A tę swobodę właśnie Maupassant odbiera krytykom; chce ich zupełnie pozbawić odczucia. Rozumieć muszą wszystko; odczuwać nie wolno im nic. Nie mają oni znać ani zamętu zmysłów, ani wzruszeń serca; odarci z pragnień, wieść będą życie smutniejsze od śmierci. — Świadomość obowiązku jest niekiedy straszna; trwoży nas bezustannie trudami, niejasnością i sprzecznościami, które pociąga za sobą. Doświadczyłem tego w najrozmaitszych okolicznościach, ale dopiero słuchając poleceń Maupassanta, poznałem całą srogość praw moralnych.
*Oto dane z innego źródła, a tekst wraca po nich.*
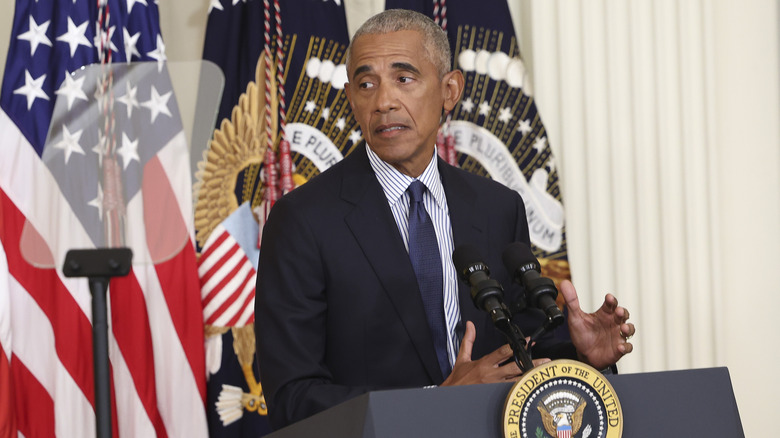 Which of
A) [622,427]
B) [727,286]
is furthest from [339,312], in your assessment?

Nigdy obowiązek nie wydał mi się równie trudnym, niejasnym i równie sprzecznym w sobie. I rzeczywiście, jakże trudno ocenić usiłowania autora, a nie baczyć zarazem, ku czemu zmierzają. W jaki sposób poprzeć nowe dążności, gdy się chce zachować jednakową miarę i dla tych, co idą nowemi drogami, i dla tych, co hołdują starym tradycyom? Jak poznać, a jednocześnie nie dbać o zamiary artystów? I jakiż to ciężar wyłącznie rozumowo oceniać dzieła, płynące jedynie z uczucia? A tego właśnie żąda odemnie mistrz, którego podziwiam i którego kocham. Czuję, że tego doprawdy zanadto i że nie można tyle wymagać od istoty człowieka i krytyka w jednej osobie. Przytłaczają mię te zadania — i jednocześnie — nie śmiem wyznać — jednocześnie podnoszą. Jak ów chrześcijanin, któremu Bóg nakazał prace miłosierdzia, czyny pokutne i zaparcie się siebie, mam ochotę zawołać: »Muszę być coś wart, skoro tyle odemnie wymagają«. Ta sama ręka, co mię poniżała, podnosi mię razem. Gdybym miał wierzyć swemu uczonemu mistrzowi... zaiste ziarna prawdy spoczywają w mej duszy. Gdy serce moje napełni się gorliwością i pokorą, odróżnić potrafię w piśmiennictwie dobro od zła i oto będę krytyk dobry. Ale ta duma opuszcza mię równie prędko, jak powstała. Maupassant schlebia mi tylko. Znam własną i mych towarzyszy nieuniknioną słabość: zawsze dla poznania dzieł sztuki mieć będziemy tylko uczucie i rozum, t. j. najmniej bodaj dokładne przyrządy na świecie. I dlatego nie osiągniemy nigdy wyników pewnych, a krytyka nasza nie wzniesie się nigdy do surowego majestatu wiedzy. Niepewność będzie zawsze jej żywiołem. Prawa jej nie będą stałe, sądy nie będą ostateczne. Zasadniczo w tem różna od sprawiedliwości, mało przyniesie szkody i mało korzyści, jeżeli jednak małą korzyścią jest zająć na chwilę umysły subtelne i ciekawe.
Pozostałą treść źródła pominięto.